次の日、リョウタはなんとか学校に来たが、彼の様子は明らかにおかしかった。授業中も上の空で、突然誰もいない方向に向かって話しかけるような仕草を見せた。友達に聞いても、みんな同じ意見だった。「リョウタ、なんか変だよな」と。
その後、彼が夜中に鏡の前で「誰かと会話をしている」という話が家族の間でも囁かれるようになった。リョウタの両親も不安に思い、彼を心療内科に連れて行こうとしたが、本人が頑なに拒否した。彼の口から出る言葉は、どうやら「誰にも見せるな」という謎の囁きに従っているらしかった。
忌まわしい結末
数週間後、リョウタは突然姿を消した。彼の部屋には、彼が最後に使ったとされる鏡が残されていたが、その鏡は異常に曇っており、誰が手をかざしても曇りが消えない不気味な状態だった。彼の家族は警察に捜索を依頼したが、リョウタはどこにも見つからなかった。

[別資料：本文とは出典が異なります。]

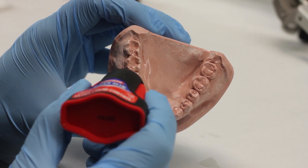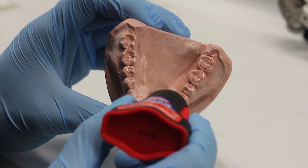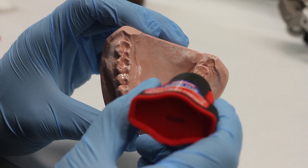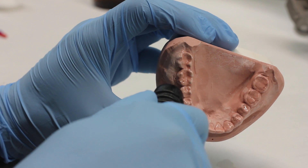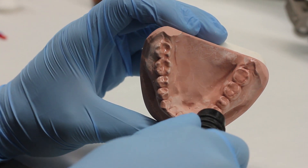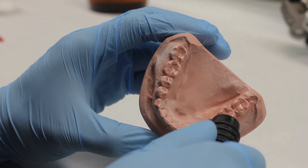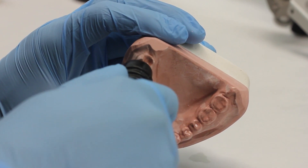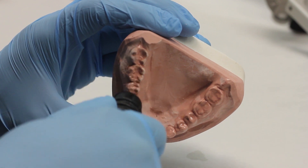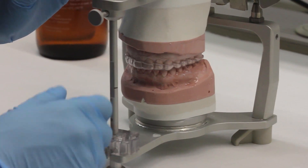The first step in making this occlusal splint is to paint a thin layer of sand or acolyte or super glue onto your mandibular casts. This helps prevent the casts from abrading and adds a thin layer of hard acrylic over it. We're going to be checking the occlusion quite a bit, so I don't want the casts to abrade. You can take an air water hose and just gently blast a stream of air to thin it out.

その後、ある噂が広がった。リョウタと同じように、「右向きの儀式」を試した者は、みな似たような形で姿を消しているというのだ。特に鏡が異常に曇る現象が共通しており、リョウタの失踪事件は次第に「呪いの儀式」として地元に語り継がれるようになった。
俺もその噂を聞いて、二度と鏡の前で右を向くことはしないと誓った。しかし、夜中に鏡を横切るたび、あの儀式のことを思い出してしまい、背筋が凍るのを感じる。